WHAT YOU HAVE TO DO >> A faithful copy of all the entries is required, with no pictures in it.
Start of MATERIAL FOR THIS TASK
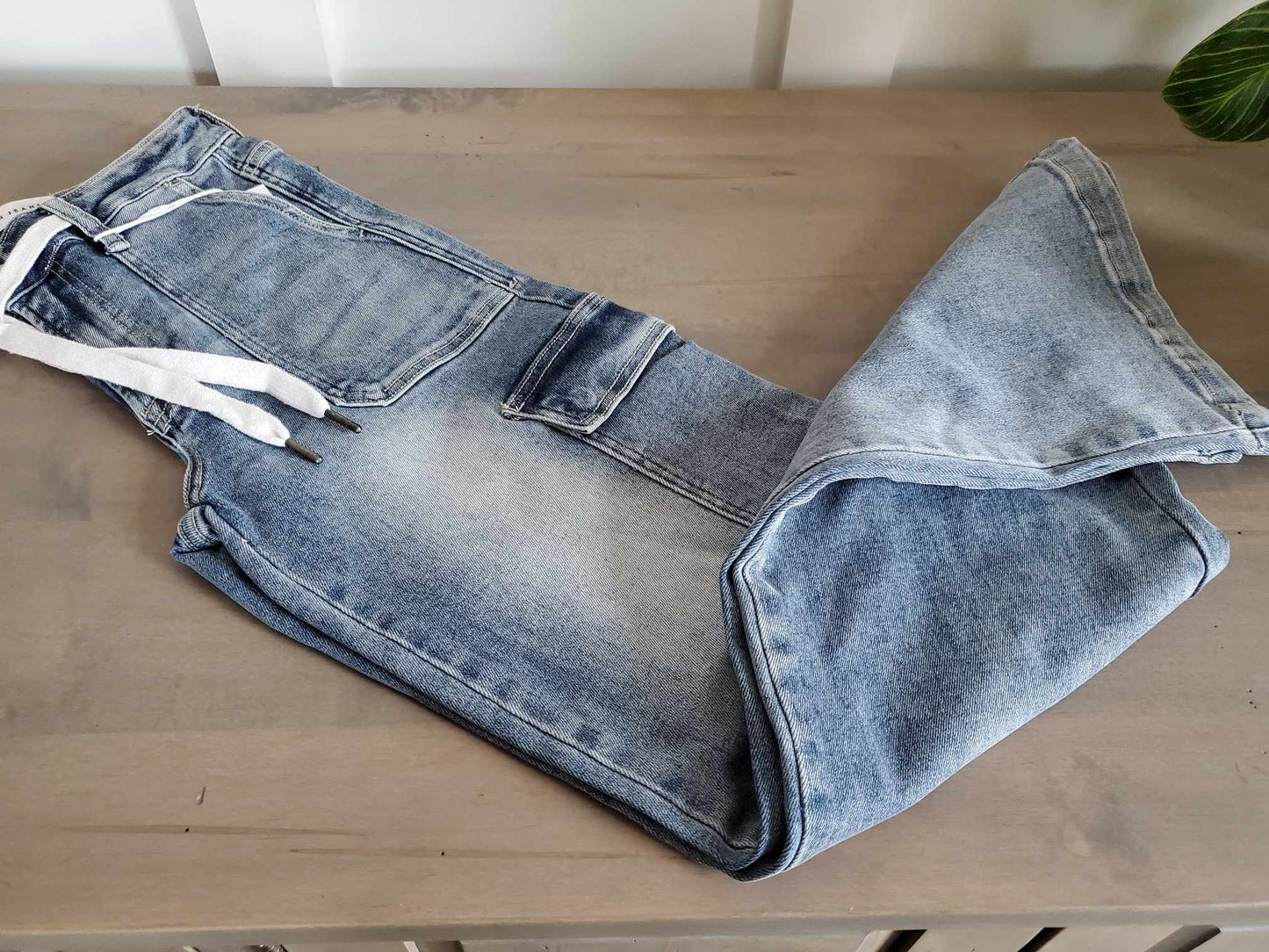 Mid Rise Cargo Style Wide Straight Leg Jeans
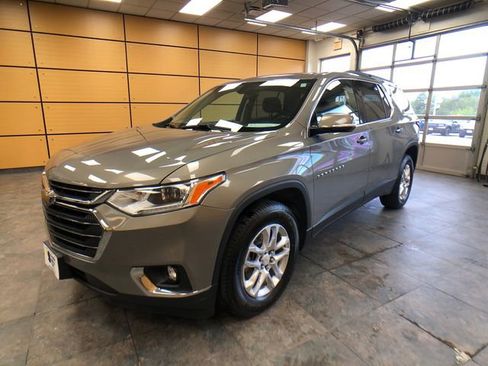Used 2019 Chevrolet Traverse LT w/ LPO, Floor Liner Package AWD/4WD image 3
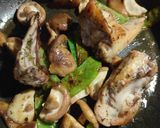 Foto del paso 2 de la receta: Arroz con conejo y setas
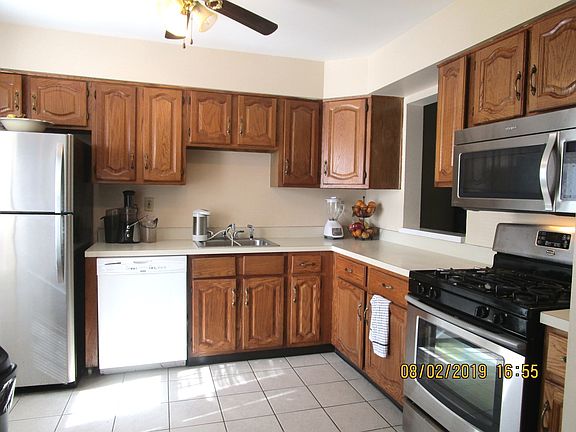 5th image of 173 Lynn Ct
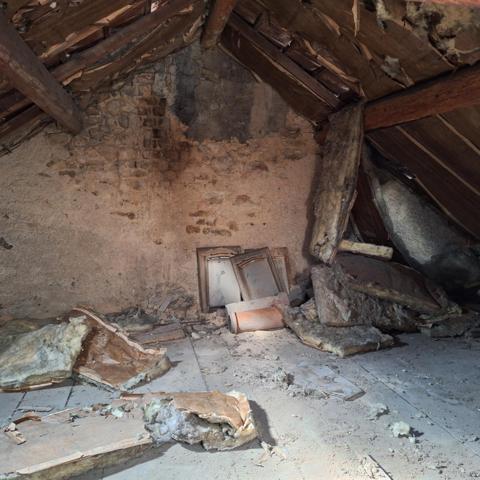 Maison centre du village avec jardin.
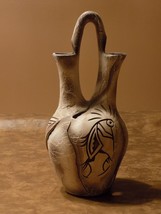 Native American Navajo Ceramic Kokopelli Cave Art Hand Carved Symbols Urn Vase - £46.44 GBP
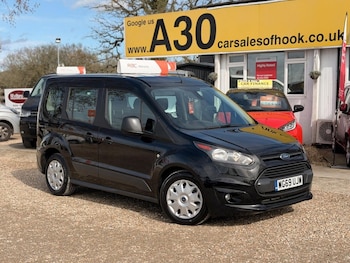 Used Ford Tourneo Connect 2019 for sale - 77821125: Photo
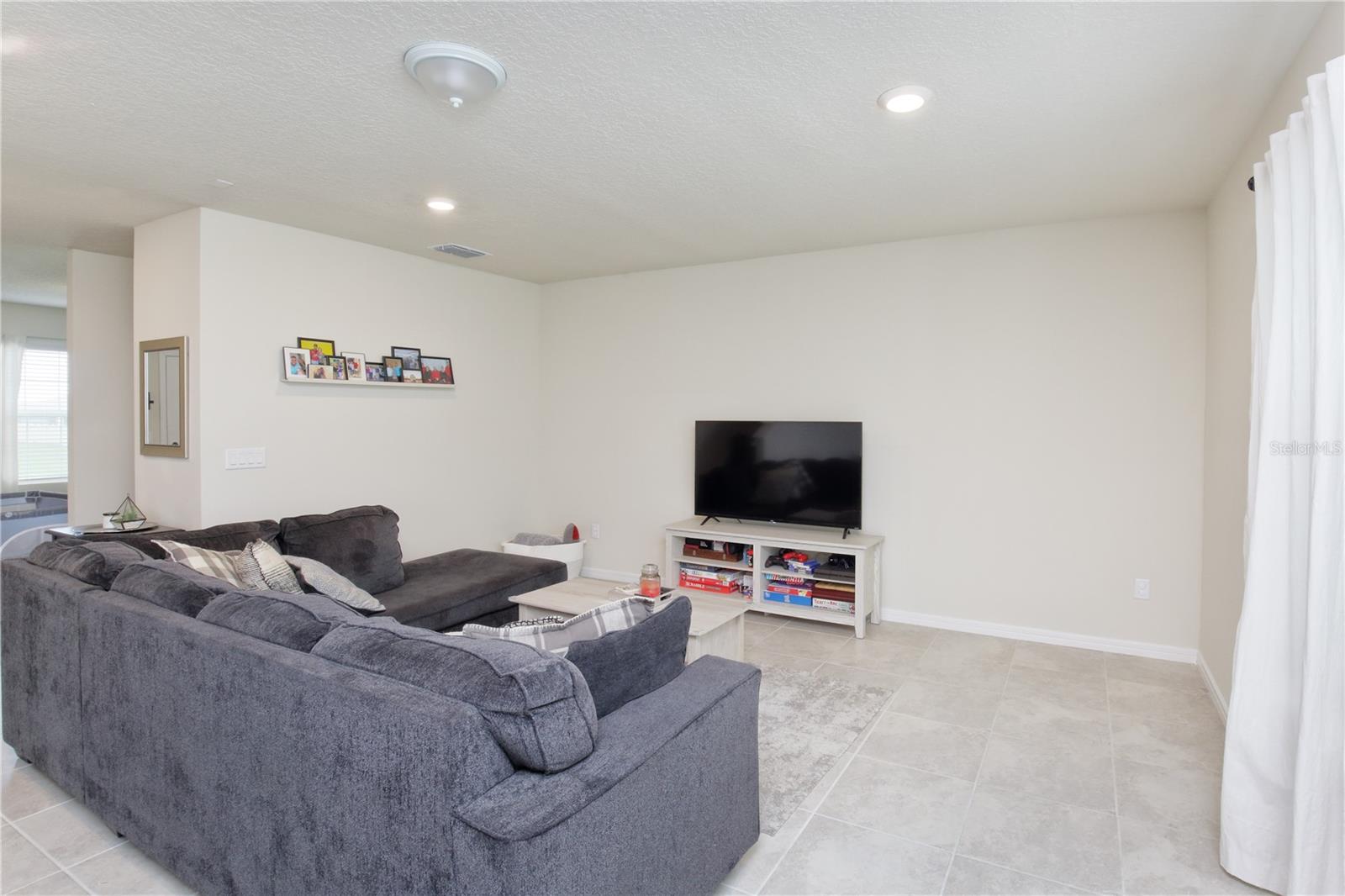 1608 ASPEN AVE, DAVENPORT, FL, 33837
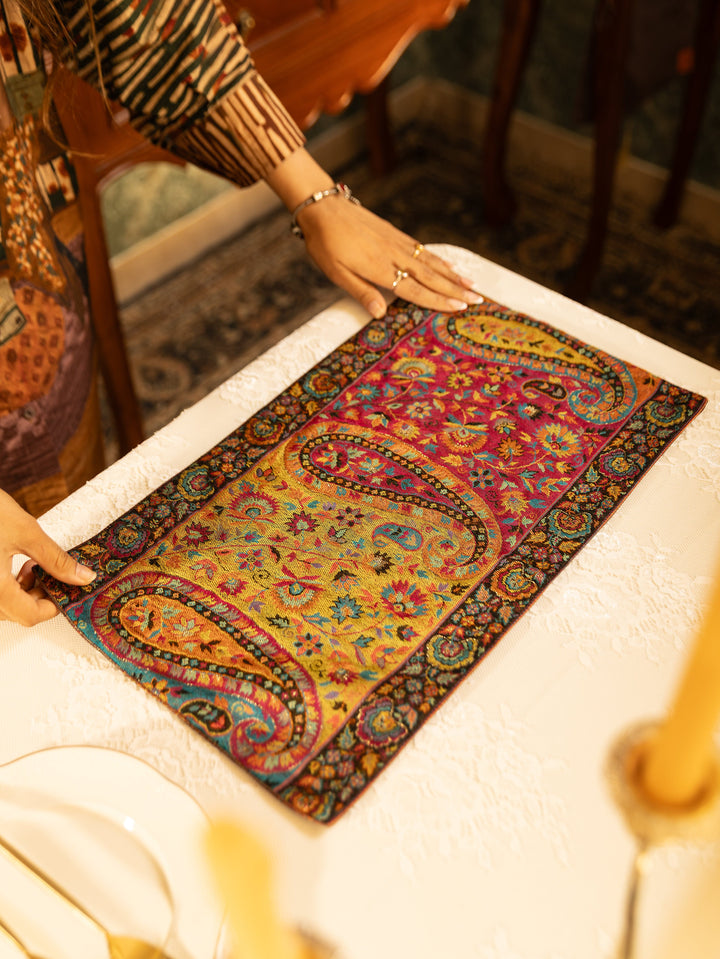 Pashtush India Gift Pack Pashtush Luxury Table Runner with Mats Set, Twilight Collection, Multicolour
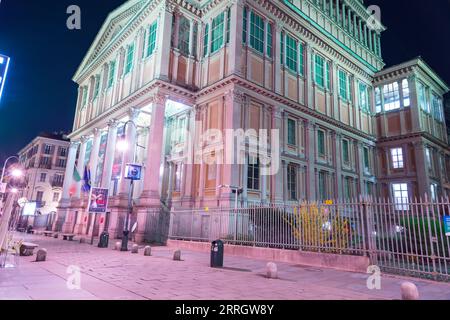 Turin, Italien - 27. März 2022: Die Mole Antonelliana, ein bedeutendes Wahrzeichen in Turin, beherbergt das Nationale Kinomuseum, das höchste unverstärkte Stockfoto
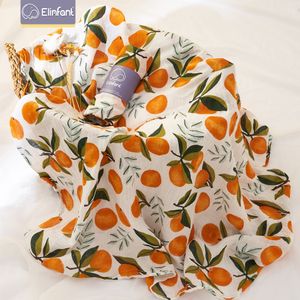 Blankets Swaddling Elinfant 100 cotton 120 110cm 2 Layers born Baby Bath Towel Wrap Muslin Swaddle Wholesale Drop 230422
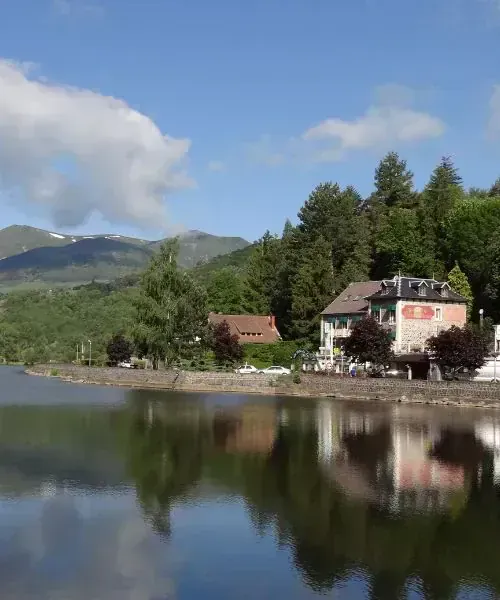 Lac Chambon avec maisons au bord de l'eau et montagnes - Auvergne - France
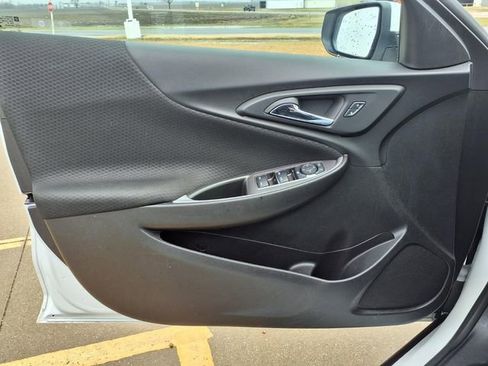 Used 2025 Chevrolet Malibu LT image 18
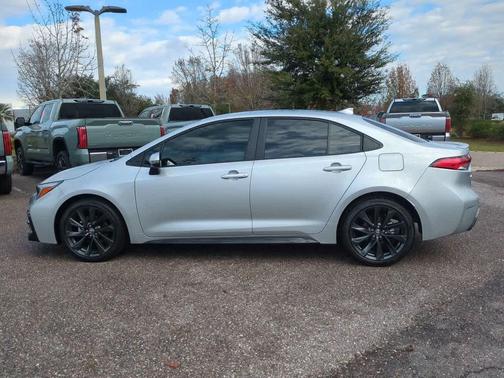 2025 Toyota Corolla SE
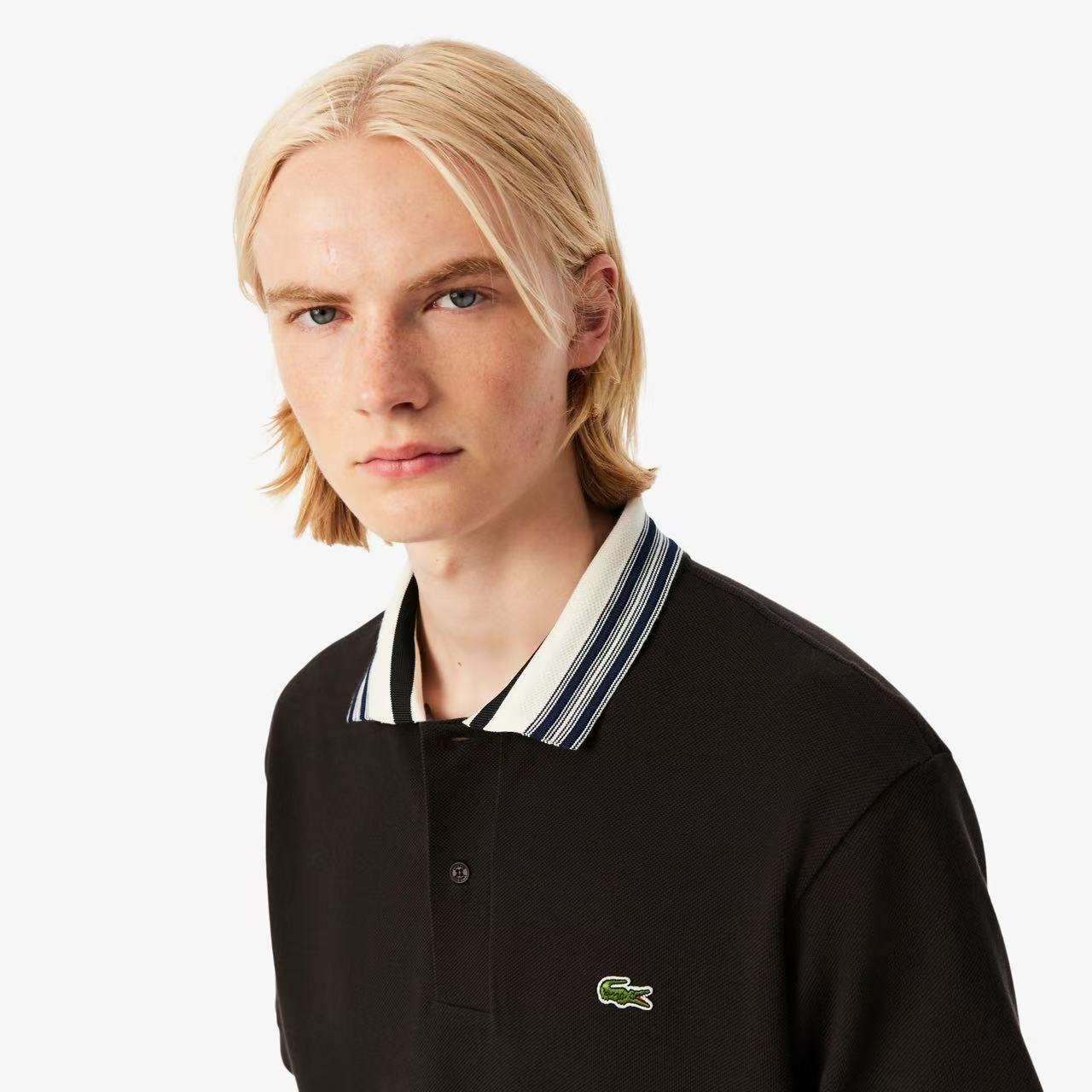 Polo Masculina Classic Fit com Gola Listrada – Made in France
End of MATERIAL FOR THIS TASK
FINISHED EXERCISE >>
 Mid Rise Cargo Style Wide Straight Leg Jeans
Used 2019 Chevrolet Traverse LT w/ LPO, Floor Liner Package AWD/4WD image 3
 Foto del paso 2 de la receta: Arroz con conejo y setas
 5th image of 173 Lynn Ct
 Maison centre du village avec jardin.
 Native American Navajo Ceramic Kokopelli Cave Art Hand Carved Symbols Urn Vase - £46.44 GBP
 Used Ford Tourneo Connect 2019 for sale - 77821125: Photo
 1608 ASPEN AVE, DAVENPORT, FL, 33837
 Pashtush India Gift Pack Pashtush Luxury Table Runner with Mats Set, Twilight Collection, Multicolour
 Turin, Italien - 27. März 2022: Die Mole Antonelliana, ein bedeutendes Wahrzeichen in Turin, beherbergt das Nationale Kinomuseum, das höchste unverstärkte Stockfoto
 Blankets Swaddling Elinfant 100 cotton 120 110cm 2 Layers born Baby Bath Towel Wrap Muslin Swaddle Wholesale Drop 230422
 Lac Chambon avec maisons au bord de l'eau et montagnes - Auvergne - France
 Used 2025 Chevrolet Malibu LT image 18
 2025 Toyota Corolla SE
 Polo Masculina Classic Fit com Gola Listrada – Made in France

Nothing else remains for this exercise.